L'histoire de M.A.C. OF MAD n'est pas forcément la plus facile à suivre : apparu dans les années 90 comme une mutation du projet de musique industrielle Střední Evropa, M.A.C. OF MAD n'a pas sorti énormément d'albums, se concentrant surtout sur le live... Keep Music Evil est d'ailleurs leur premier album depuis 2006. Le line-up a changé depuis les débuts, le groupe est passé par des essais grindcore / death metal (dont on retrouvera quelques traces via les growls de Signal, d'ailleurs), mais les intentions, elles, sont finalement familières : un mélange digital hardcore / metal indus furieux et corrosif avec des riffs qui charcutent et des gros beats qui cognent. Le retour des Tchèques est une bonne nouvelle pour nous, moins pour nos voisins, et est d'ailleurs accompagné d'une autre bonne nouvelle : l'apparent retour aux affaires du label Audiotrauma, qui nous avait manqué !

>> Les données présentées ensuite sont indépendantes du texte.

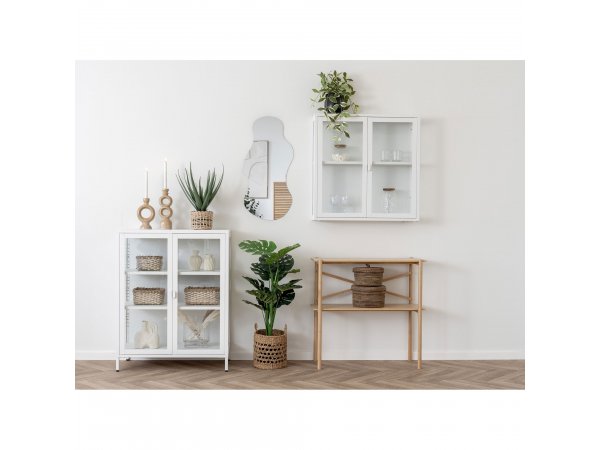 Konzolový stolek Manaus, bambus, přírodní, 83×32×80,5 cm – House Nordic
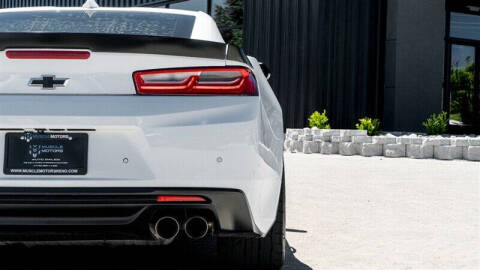 2018 Chevrolet Camaro SS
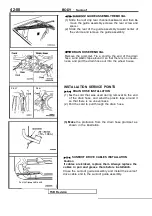 Предварительный просмотр 1912 страницы Mitsubishi Eclipse 1990 Service Manual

On retrouve d'ailleurs bien cette esthétique sonore abrasive, chaotique et radicale dès Autodafe. Jana Von Habczak scande avec hargne, la guitare alourdit l'atmosphère de nuages gris foncés, ça a le goût de rouille et de métaux malsains. M.A.C. OF MAD suinte la folie et la révolte et gratte très fort pile là où ça nous démange, dans cette envie d'univers cyberpunk en ébullition, de sous-sols poisseux, de sons tapageurs aux influences punk hardcore et électroniques. On pense évidemment à Atari Teenage Riot, mais également à AMBASSADOR21, Chrysalide ou Youth Code. Il y a ce goût pour le bruit, la fureur, la dissonance et l'assaut sans pitié, mais aussi cette turbulence punk, ces émotions à vif qui donnent à la musique son relief et son âme.
Avec ses rythmiques impitoyables parfois à la limite du tribal, Keep Music Evil est une explosion permanente, un jaillissement viscéral de folie dont l'intensité ne faiblit jamais et dont chaque titre donne envie d'en brailler les slogans. M.A.C. OF MAD alterne entre les parpaings enflammés (Young & Beautiful) et les crises d'angoisse hallucinées frénétiques (Needle in the Head). Si les chuchotements de Nothing to Hide nous font frissonner, ce n'est pas uniquement pour la démence qu'ils dégagent mais parce qu'on sent bien qu'ils ne sont que la respiration avant la violence à venir. La façon dont le rythme s'affole et dont les textures se heurtent et se superposent évoquent le montage du Tetsuo de Shin'ya Tsukamoto, une expérimentation fiévreuse qui sue le metal et les câbles.
"Garder la musique maléfique" : M.A.C. OF MAD tient parole. Alors que Neurodiesel, dans une version affinée par rapport à celle déjà connue que le groupe jouait depuis plusieurs années, nous embarque une dernière fois dans cette folle tornade d'énergie de tous les instants, l'album ne laisse que des ruines. Il s'en dégage un parfum jouissif de danger, d'imprévisibilité, un truc sauvage qui jaillit et brûle. La déflagration n'a pas duré une demi-heure, mais la puissance de cette tempête cyberpunk survitaminée était aussi massive que cathartique.